BOÇEV olarak İstanbul’a 3. köprünün yapılmasına karşıyız. Bu yüzden köprü güzergâhının açıklanması bizim için önemli değil.  Üçüncü köprünün geçeceği Tarabya’da su havzaları ve ormanlık alanlar bulunuyor. İstanbul’un en güzel semtlerinden biri olan Tarabya’nın, bu dokusunun bozulması için yapılan uygulamaları yanlış buluyorum. Ayrıca yetkililerin sözlerini inandırıcı bulmuyorum. Bu proje, kentsel dönüşümün bir parçasıdır. Köprünün yapılmasına izin vermemek için elimizden geleni yapacağız. Biz köprü yerine toplutaşımacılığın, deniz taşımacılığının yaygınlaştırılmasını istiyoruz. Köprü projesi şu anda yasal olarak başlamadığı için hukuki uygulama yapamıyoruz. Proje hayata geçirileceği zaman biz de hukuki yönden itirazlarımızı gerekli yerlere bildireceğiz.

Hasan Pulat: Eylemlerimize devam edeceğiz

TARABYA’daki insanlar 50 yılı aşkın süredir burada yaşıyor. Ben de bu semtte yaşayan bir vatandaşım. Yaşamımızın bozulacağına ve doğal çevrenin tahribine neden olacağı için 3. köprü projesine karşıyım. Biz kentsel dönüşümün karşısında yıllardır mücadele veriyoruz ve yaşamımıza yapılan müdahalelere karşı mücadele vermeye devam edeceğiz. Yıllardan beri verdiğimiz emeği terk etmeyeceğiz. Kararlı adımlarla, 3. Köprü Yerine İnsanca Yaşam Platformu olarak eylemlerimize devam edeceğiz. Bu köprü Tarabya’dan değil de başka bir yerden geçse bile, yine projenin karşısında dururuz. Başbakan Recep Tayyip Erdoğan’ın, İstanbul Belediye Başkanı iken “3. köprü cinayettir” sözünü hepimiz hatırlıyoruz. Başbakan Erdoğan’ın zamanında söylediği sözlerini tekrar düşünmesini istiyoruz.

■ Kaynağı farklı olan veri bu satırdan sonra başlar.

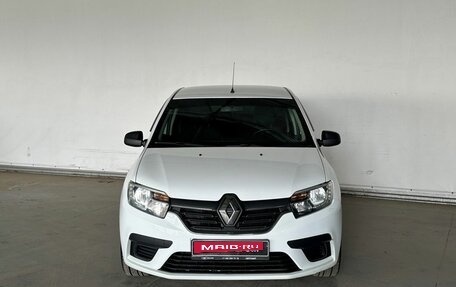 Renault Sandero II рестайлинг, 2020 год, 1 020 000 рублей, 2 фотография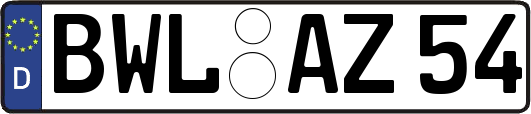 BWL-AZ54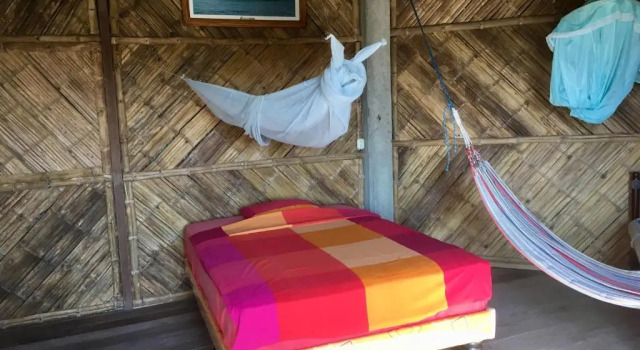 Hostal Puerto Engabao Surf Shelter, Rezervasyon Otel Ruta del Sol ucuz oteller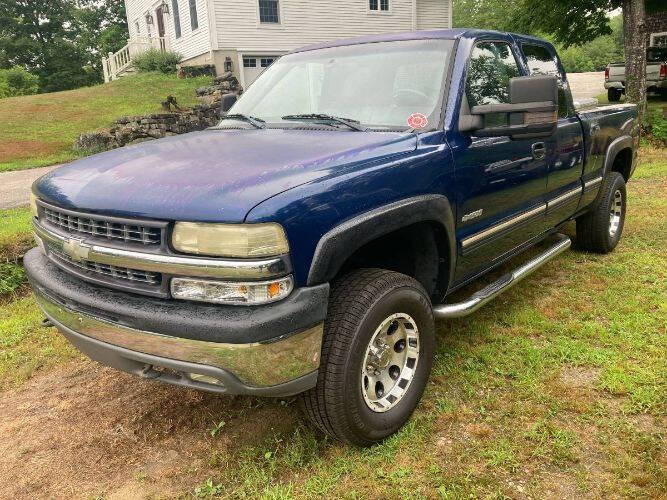 2000 Chevrolet Silverado 1500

Başar Alipaça: Bu projenin hiçbir anlamlı gerekçesi yok

ŞEHİR Plancıları Odası olarak 3. köprü projesinin, AKP’nin kentsel dönüşüm adı altında sürdürdüğü, neoliberal yağma politikalarının anahtarlarından biri olduğunu düşünüyoruz. Bu yüzden köprüye ‘rant köprüsü’ ismini verdik.

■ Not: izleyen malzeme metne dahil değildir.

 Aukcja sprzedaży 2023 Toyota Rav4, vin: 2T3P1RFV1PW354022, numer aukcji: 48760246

Üçüncü köprünün yapılmasını gerektiren kentsel ya da ulaşımla ilgili bilimsel bir gerçek bulunmuyor. Bir yandan İstanbul’dan transit geçecek diyenler, diğer yandan yaşanan ulaşım sıkıntılarını köprünün gidereceğini söylüyor. İstanbul’da yapılan köprü ya da yolun çevresinde yapılaşma olacağını bilmek için şehir plancısı olmak gerekmiyor. Bu projeyle birlikte, köprü güzergâhındaki alanlar imara açılacak ve buralardan büyük rant geliri elde edilecek. Çevre düzeni planlarının hiçbirisinde köprü bulunmuyor. Bu bakımdan İstanbul Belediye Başkanı Kadir Topbaş’ın “Başbakanımızın özel projesi” dediği bu projenin hiçbir anlamlı gerekçesi bulunmuyor.

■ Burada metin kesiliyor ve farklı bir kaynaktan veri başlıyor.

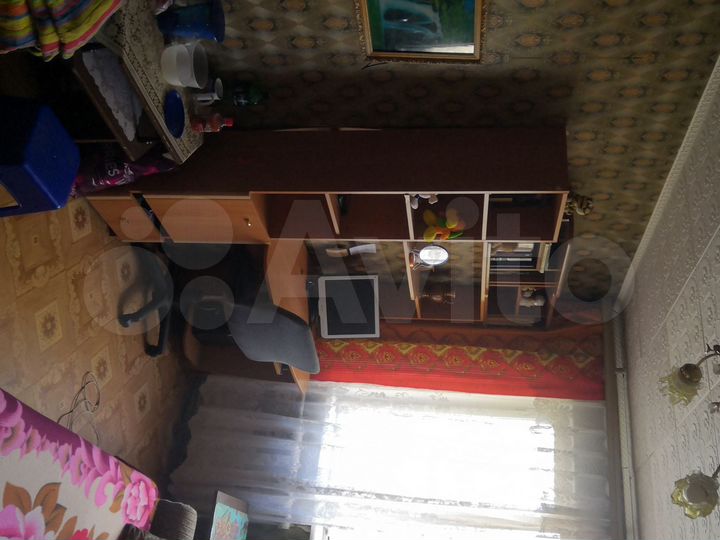 Комната 12 м² в 2-к., 3/5 эт.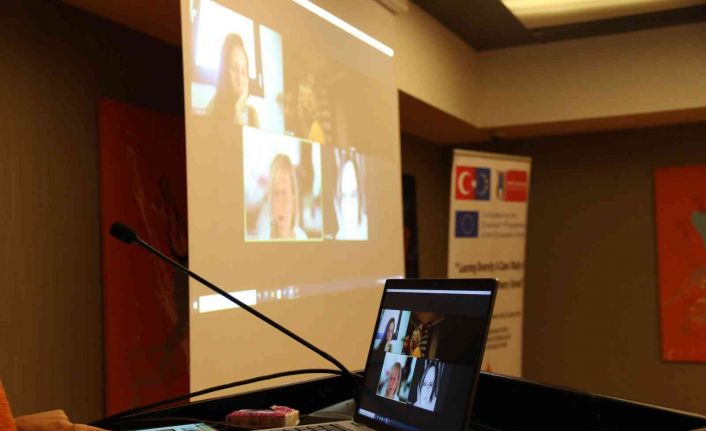 4 ülkenin ortaklığıyla yürütülen “Erasmus Plus Leader Projesi” kapanış toplantısı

Gerçekleştirilmek istenen 3. köprü projesi ormanlara, son kalan su kaynaklarımıza, halkın barınma hakkına, İstanbul’un tarihi ve kültürel alanlarına karşı sürdürülen savaşın planlarından birisidir. 3. Köprü Yerine İnsanca Yaşam Platformu olarak, eğer köprünün bizim bilmediğimiz yararlı bir amacı varsa, kamuoyuna duyurulmasını ve yetkililerin bizimle tartışmaya gelmelerini istiyoruz.

Eski başkan Gürtuna da köprüye karşı

İSTANBUL eski Büyükşehir Belediye Başkanı Ali Müfit Gürtuna, her yıl 200 bin yeni aracın trafiğe katıldığı İstanbul’da yapılacak üçüncü köprünün çok geçmeden bir dördüncüsünü zorunluluk haline getireceğine dikkat çekti. Boğaz’dan üçüncü geçişin tüp tünel olmasına karar verildiğini ve yapımının sürdüğünü anımsatan Gürtuna, “Şimdi geriye dönüp tekrar üçüncü köprü konusunun gündeme gelmesi, kuzey ormanlarına göz dikilmiş olması ile ilgili şüphelerimizi tetiklemektedir” diye konuştu.

Gürtuna, üçüncü köprünün güzergâhının Başbakan tarafından belirlendiğini, İstanbul Büyükşehir Belediye Başkanı Kadir Topbaş’a da bunun tebliğ edildiğini ve Topbaş’ın bu konuda bir inisiyatifinin bulunmadığını belirtti. Konunun İstanbul Büyükşehir Belediye Meclisi’nde değerlendirmeye açılacağını belirten Ali Müfit Gürtuna, Meclis üyelerini partizanlığı bir tarafa bırakmalarını ve İstanbul’un haklarını korumaya çağırdı.